Geç kalmayı göze alamayacağına karar verdi Bilge, ne olacaksa olsundu. Sağa sola bakındı, şöyle uzun, kalınca bir ağaç dalı buldu şansına. Derin birkaç nefesle kafasını ve bedenini toparlamaya çalıştı ve köpek havlamalarının geldiği yöne, parkın karanlık kuytularına doğru koşmaya başladı.
Daha 10 metre koştu, koşmadı, biri kolunu yakaladı arkadan. Korkuyla kısa bir çığlık atarak döndüğünde gözlerine inanamadı:
“Burak?! Sen ne yapıyorsun burada?”
Burak kararlı bir şekilde Bilge’nin elinden odunu alıp köpek havlamalarına doğru koşar adım ilerlemeye devam etti.
“Seni izliyorum başımın belası… Geride durur musun? Lütfen!”

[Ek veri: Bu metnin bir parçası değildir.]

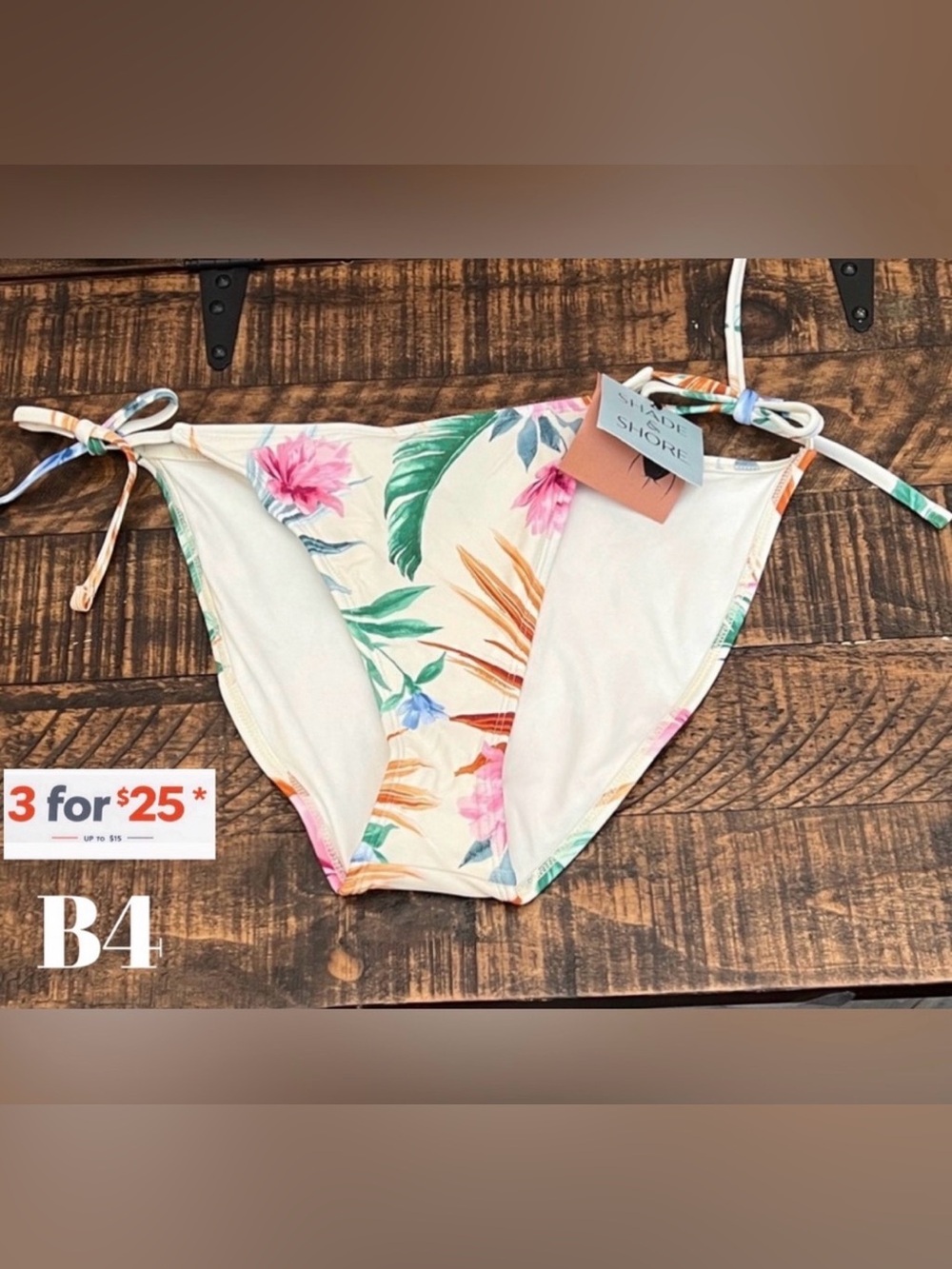 Floral Tie-Side Bikini Bottom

Bilge arkasından bakakaldı Burak’ın. Yaşadığı korku ve panik, yerini büyük bir rahatlama ve güven duygusuna bıraktı birden. Bu duyguya daha çok şaşırdı Bilge, en son ne zaman böyle hissettiğini hatırlamıyordu bile. Çabucak toparlanıp Burak’ın peşinden seğirtti. Olay mahalline vardığında arkalarına bakmadan kaçan üç tane çocuk, yerde oturmuş hıçkıra hıçkıra ağlayan gencecik bir kız, elindeki odunu bir kenara atmış, kıza yardım eden Burak’ı gördü. Yanlarına varıp diz çöktü Bilge. Burak sırt çantasından su çıkarıp kıza içirmeye çalıştı, biraz sakinleştirdi kızı. Sonra, “Hadi,” dedi Bilge’ye. “Yardım et, karakola götürelim bir an önce.” Kızın iki yanından koluna girdiler, caddeye çıkıp ilk bulabildikleri taksiye atladılar, bölgedeki polis karakoluna çektiler. Burak kızla birlikte taksiden inerken, “Bilge sen takside bekle, ben Deniz’i teslim edip, ifademi verip geliyorum,” dedi. Sessizce itaat etti Bilge. Sıcak takside ilikleri ısındı. Burak’ın dönmesini beklerken göz kapakları yavaşça kapandı.
Burak’ın taksiye binmesiyle uyandı Bilge. Ne kadar zaman geçti, bilmiyordu, ama hava aydınlanmaya yüz tutmuştu. “Hadi, gidip birer çorba içelim mi? Kendimize geliriz,” dedi Burak. Hoşdere’deki meşhur çorbacıya doğru taksiyle devam ettiler. Sıcak, sarımsaklı kelle paça ilaç gibi gelmişti gerçekten Bilge’ye. Bu gecenin en güzel olayıydı galiba. Neredeyse hiç konuşmadan içtiler çorbalarını. Sıcak çaylarıyla sigaralarını içerlerken Bilge nihayet sormaya cesaret etti, duyacaklarını az çok tahmin ederek. “Neden takip ettin beni?”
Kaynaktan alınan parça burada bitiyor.